-- The problem --
Where the line containing "Handmade DIY Beads, Star" appears in the entries below, begin there and output every line through the last, exactly, minus the pictures.

-- Material to process --
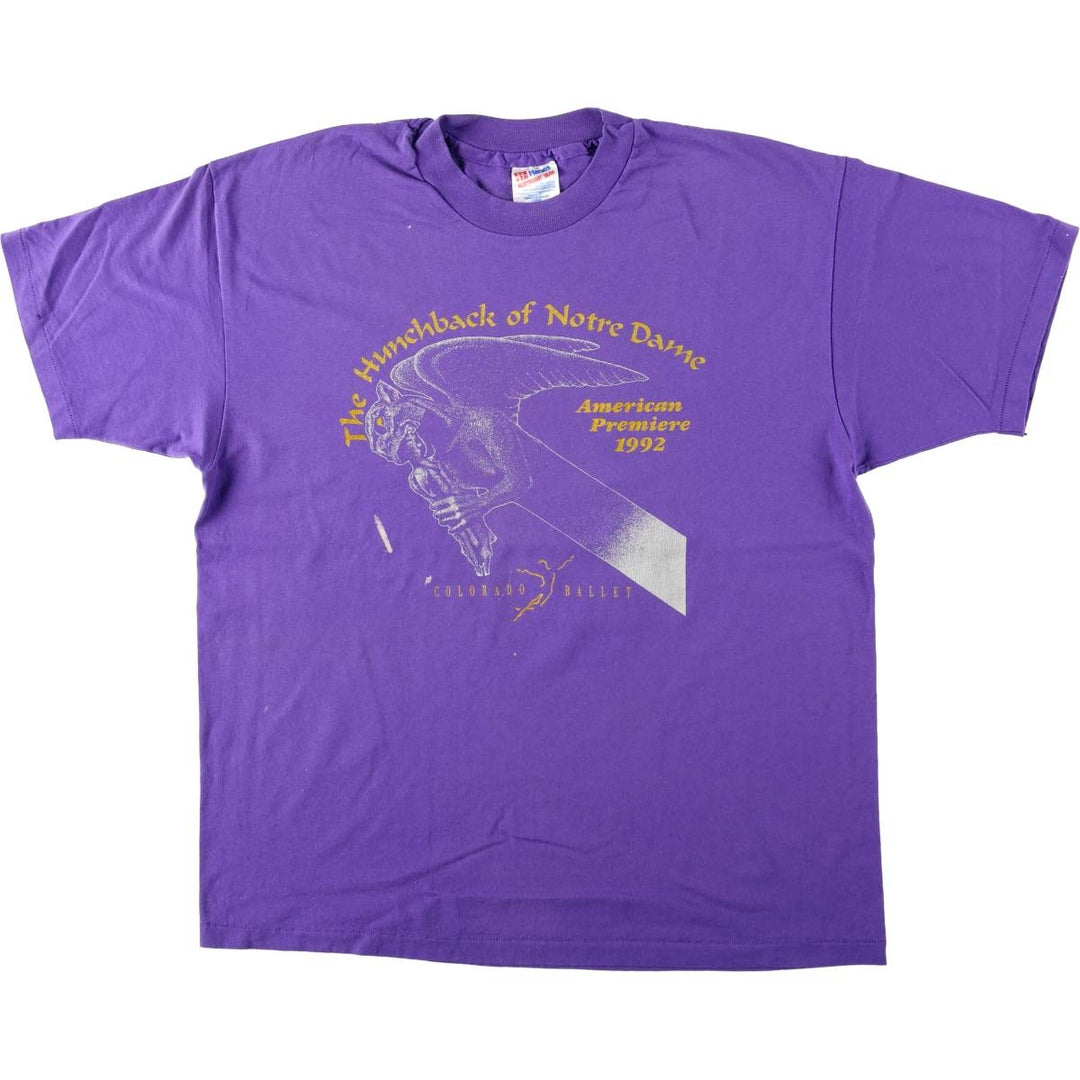 90'S Hanes COLORADO BALLET Print T-Shirt, Made in USA, Men's XL equivalent, Vintage cotton purple type Vintage Second Hand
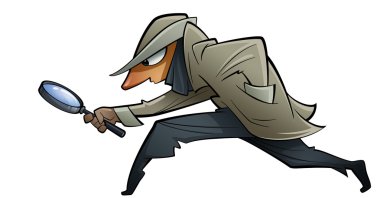 Sneaking spy clipart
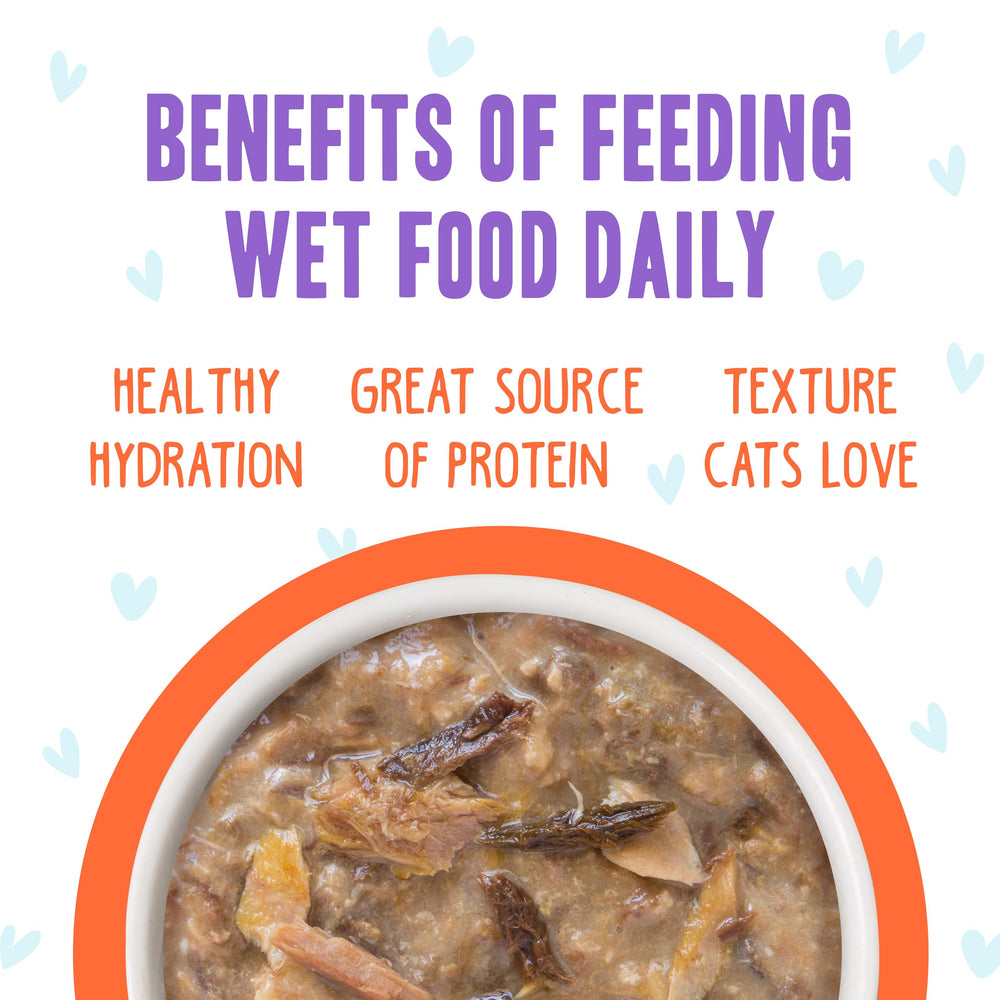 Weruva B.F.F. OMG production in human food facilities under BRC standards.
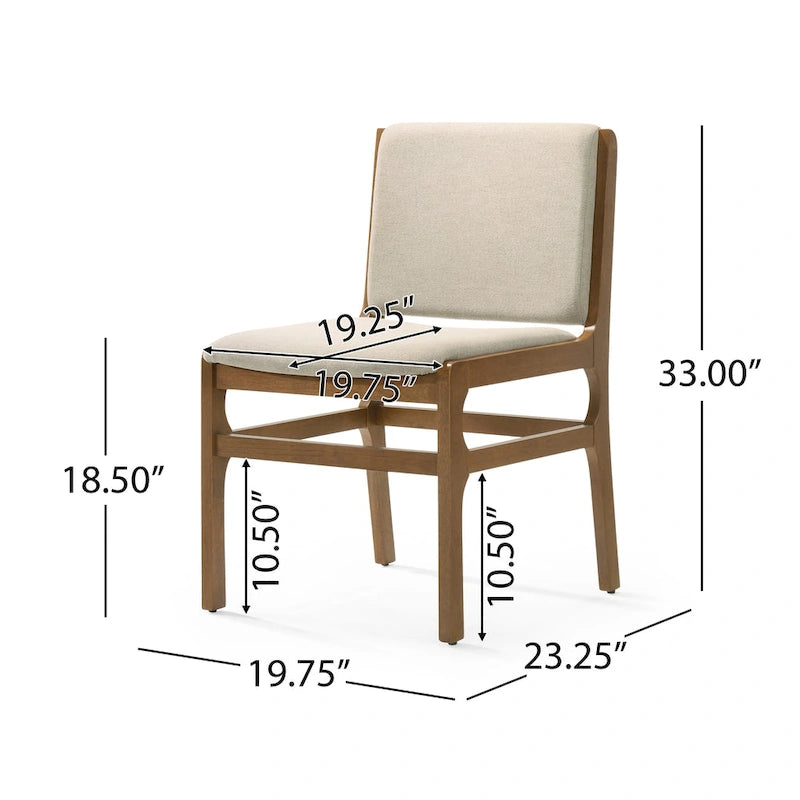 Chaise de salle à manger capitonnée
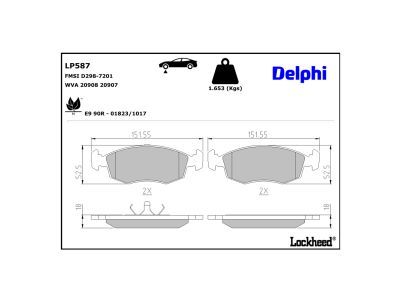 LP587 Delphi Гальмівні колодки до дисків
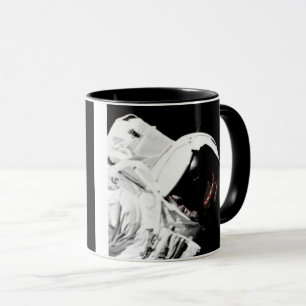 NASA Apollo 17 Astronaut Black and White Mug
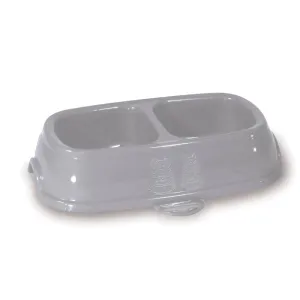 Stefanplast Break 13 Double Bowl Stone Grey 21cm x 13cm x H5cm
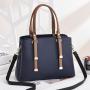 Customs Handbag Logo Women Luxury Fashion Striped Handbags China Wholesale PU Lady Purses Girl Pure Color Zipper Bucket Handbag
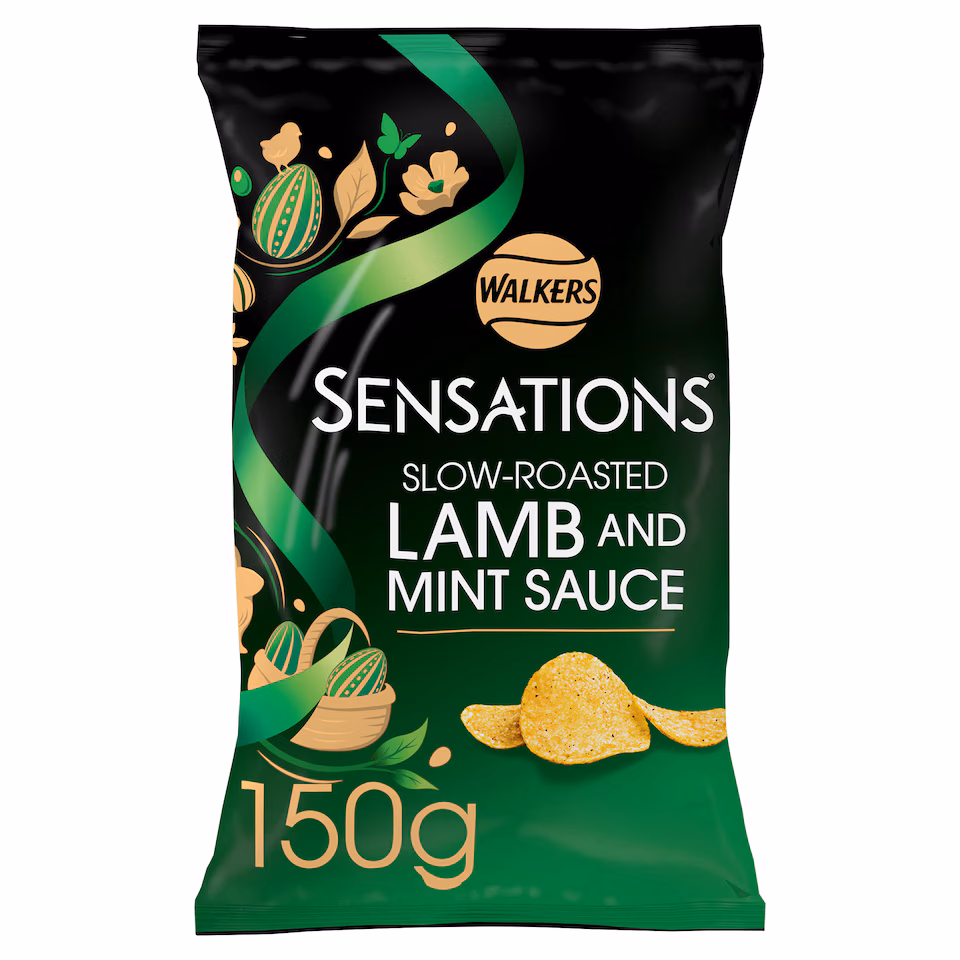 Sensations Slow Roasted Lamb & Mint Sauce Potato Crisps 150g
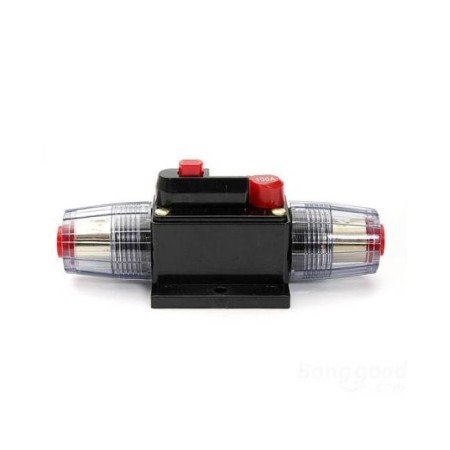 Interruttore con fusibile 100A 12-24V DC per Car Audio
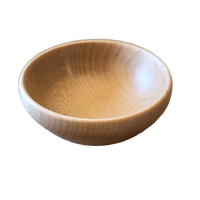 Wooden salt cellar or spice bowl by Treeboard made from hard maple and turned on a lathe.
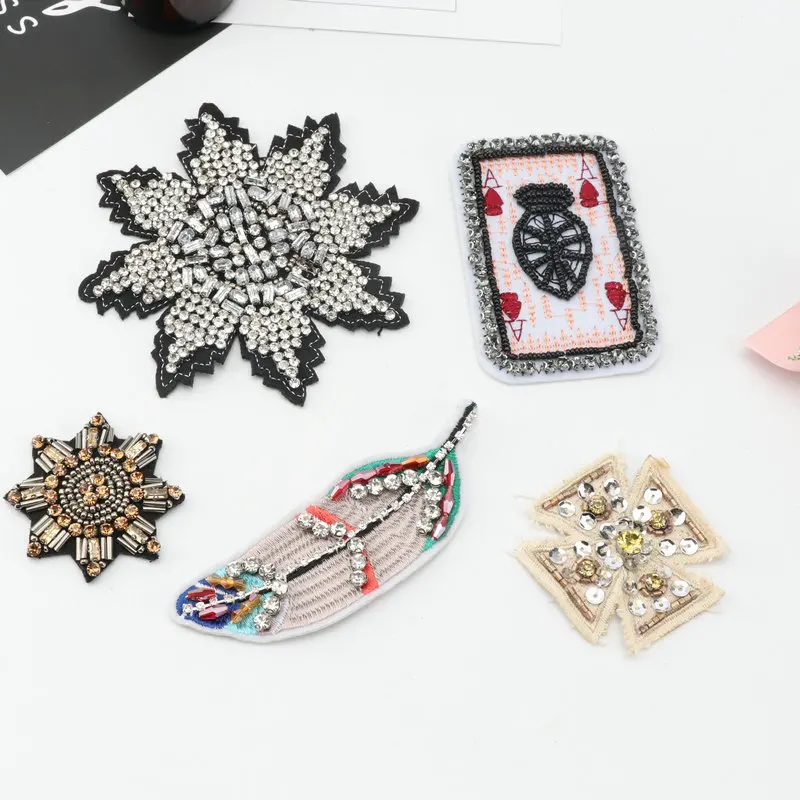 Handmade DIY Beads, Star Clothing Cloth Stickers Are Now Made, Drill Fleece Bags, Shoes, Hats and Jackets Decorative Stickers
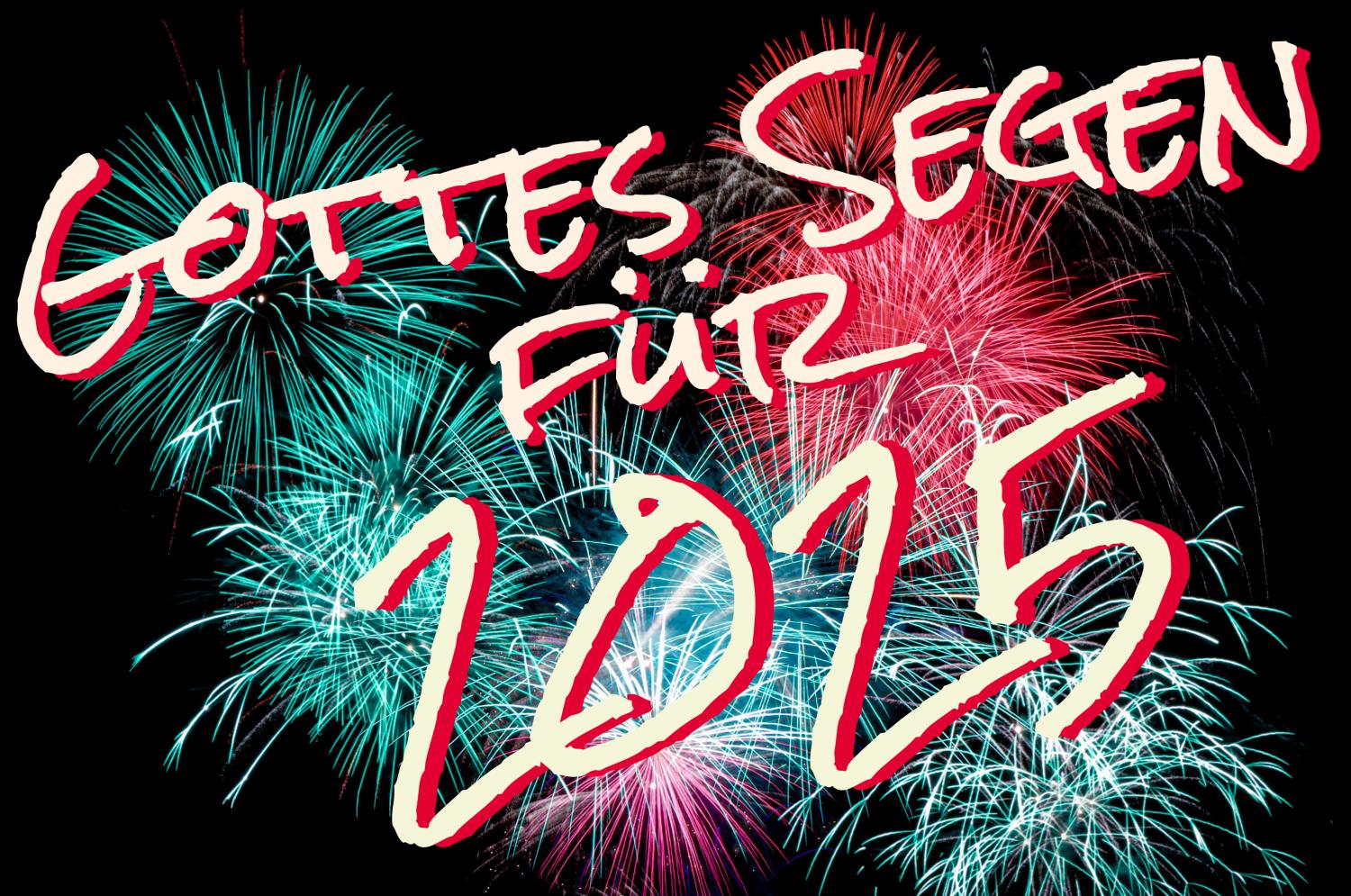 Feuerwerk mit Neujahrsgruss 2025 (c) quelle: pfarrbriefservice.de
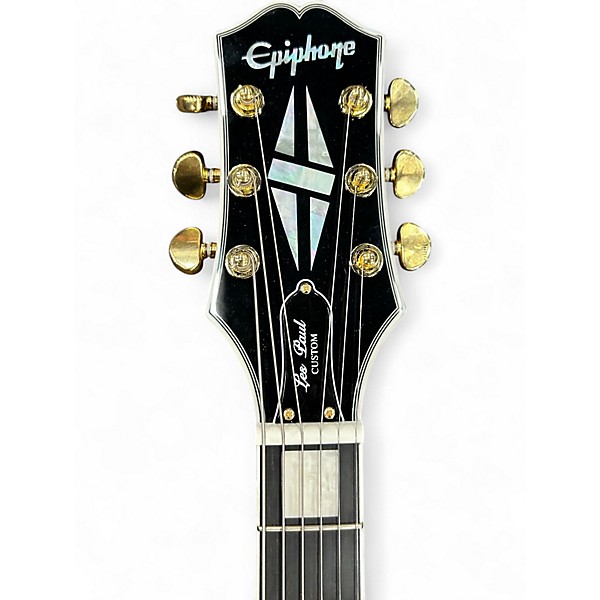 Used 2024 Epiphone Les Paul Custom BlackBack Limited Edition Antique Ivory Solid Body Electric Guitar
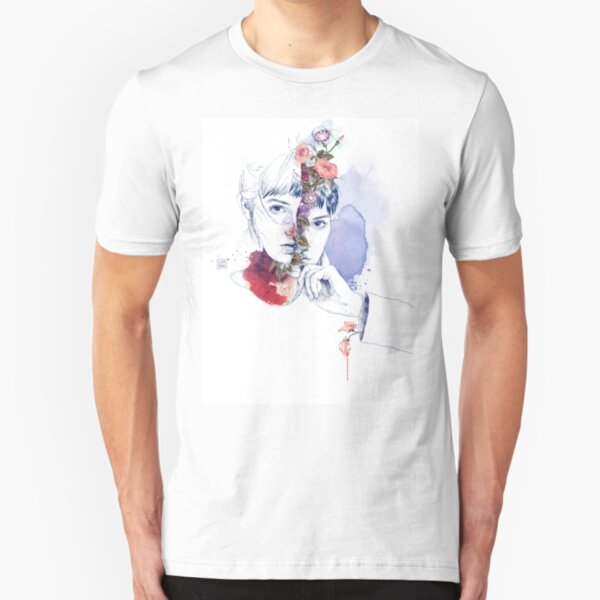 CELLULAR DIVISION by elena garnu Slim Fit T-Shirt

-- Answer --
 Handmade DIY Beads, Star Clothing Cloth Stickers Are Now Made, Drill Fleece Bags, Shoes, Hats and Jackets Decorative Stickers
 Feuerwerk mit Neujahrsgruss 2025 (c) quelle: pfarrbriefservice.de
 Used 2024 Epiphone Les Paul Custom BlackBack Limited Edition Antique Ivory Solid Body Electric Guitar
 CELLULAR DIVISION by elena garnu Slim Fit T-Shirt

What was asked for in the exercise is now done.